In short, replace enable/disable PolygonCollider2D in your animator with enable/disable Rigidbody2D.simulated. You’ll need a separate child GameObject for each.
So essentially, if the Enemy has 24 frames, you’d stick 24 child GameObjects on the Enemy, each having a PolygonCollider2D that is associated with that frame + a Rigidbody2D. By default the Rigidbody2D.simulated is set to disabled. I then modify the function that is tied to the animation in the animator to instead turn on the appropriate child GameObject’s Rigidbody2D.simulated to enabled? Does that sound about right?
Just curious, if you have a 100 of those enemies on screen at once, each having 24 children but only one active RB at a time, would that effect performance at all, the fact of having that many objects on screen?

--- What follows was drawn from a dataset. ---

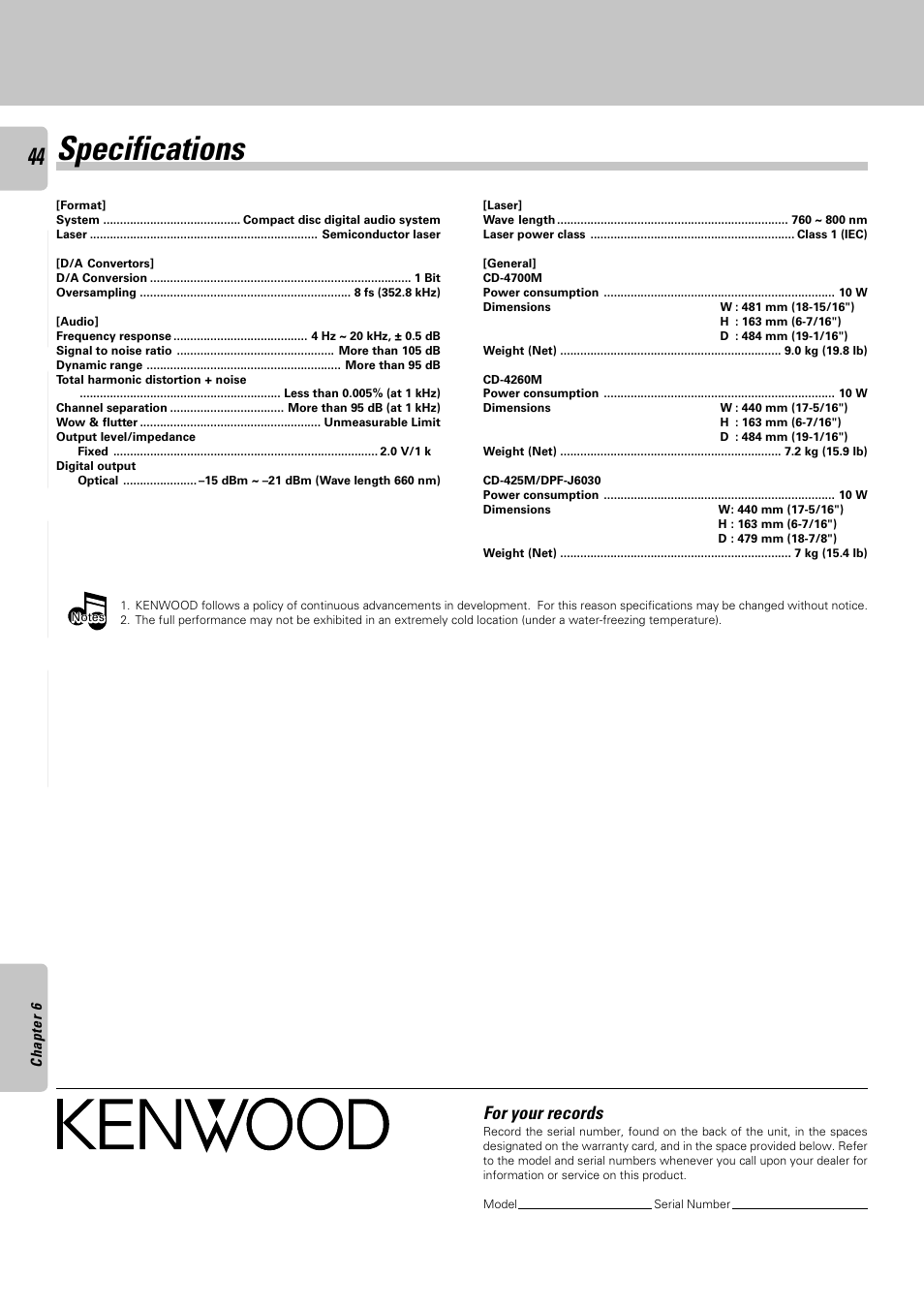 Specifications, For your records | Kenwood DPF-J6030 User Manual | Page 44 / 44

Yes, make sure the Rigidbody2D is set to be Kinematic body-type so it follows the parent Rigidbody2D.
It’s not clear what “objects on screen” means. A GameObject is passive, it doesn’t do anything and is completely passive; it cannot be “on screen”. Only things that render are “on screen”.
A Rigidbody2D doesn’t relate to “on screen” either. It’s only active when it’s set to be simulated. Despite what devs often get wrong, a Rigidbody2D for the most part does nothing. A Rigidbody2D set to be Static does nothing at all. A Rigidbody2D set to be Kinematic has no collision response so does very little either. Only Dynamic Rigidbody2D have collision response, create contacts etc and these are pretty cheap. What isn’t cheap is solving contacts and it’s this that devs often attribute to Rigidbody2D themselves. This is why you often see devs not adding Rigidbody2D at all and moving Static colliders via the Transform which is a form of instanity or in the very least, reversed logic.
I can only guess you’re asking about a Kinematic Rigidbody2D? If you’re worried about GameObjects then it makes no difference. Do a test, add 100 empty children GameObject to your enemies, it’ll make no difference. Only active components do work and often they only do something when you change them i.e. a 2D Collider you’re modifying, enabling/disabling.
In short, no, you’re avoiding the very expensive cost of regenerating colliders constantly. Adding a single Kinematic Rigidbody2D on a child costs next to nothing.
Ah yes, so add the children with a Kinematic RB but have the parent have the Dynamic RB.
This thread has been so informative, thank you so very much!!
I wish I could change the title of this thread now to include this topic of PolygonColldier2D’s and animation, as I think this would really help someone who is also in a similar position to me where they want their enemies to have almost pixel perfect colliders. Your solution for this is awesome, looking forward to refactoring tonight lol.
Yes, spot on. The child will automatically track the parent. It won’t move relative to the parent and always stay at the same relative position/rotation. The body being there means you can turn on/off the simulated which will add/remove any physics shapes. The physics shapes come from any colliders attached to that child body which, in your case, will be a single PolygonCollider2D. The PolygonCollider2D itself won’t see this on/off, it’ll keep all the shapes in the physics engine, it just flags whether they’ll be used or not.
You’re most welcome, sorry if it’s been a journey but hopefully informative.